Страница 12 из 28
Еще совсем немного, ну, минуту, ну, две или три, и он уйдет вниз по склону, к южной дороге, откуда и возник. Ни о чем не спросит, не попросит, не потребует ничего, не захочет войти в хату, где сейчас одна только бабушка, и она что-то делает по хозяйству, даже не догадываясь, возможно, о приходе очередного незваного гостя… Одного из незваных, которые мне навсегда запомнились.

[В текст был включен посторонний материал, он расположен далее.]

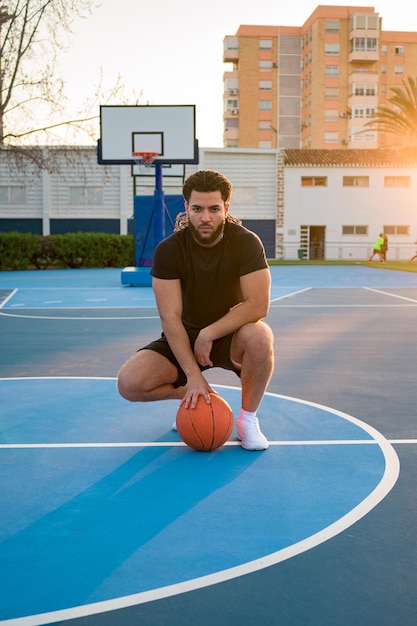 Retrato de un hombre afrolatino mirando a la cámara con una pelota en una cancha de baloncesto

Но те, остальные для чего-то очень им нужного появлялись: одни, чтобы давить своих насекомых, другие, чтобы испакостить половые наши рябенькие дорожки, еще один, чтобы разоблачить хозяев за хранение портрета советского вождя. А этот? Он же ничего от нас, похоже, не хотел. И хотя он простоял перед дедом и мною, возможно, совсем не так долго, как мне показалось, но запомнился почему-то с особой отчетливостью, и потом, в разные десятилетия, я будто бы на фотоснимке снова и снова видел перед собою эту его тщедушную юношескую фигурку, серые размытые, но щупающие глазки, кругленькое личико, серебряные нашивки на воротах мундирчика. Он остался загадочным и странным.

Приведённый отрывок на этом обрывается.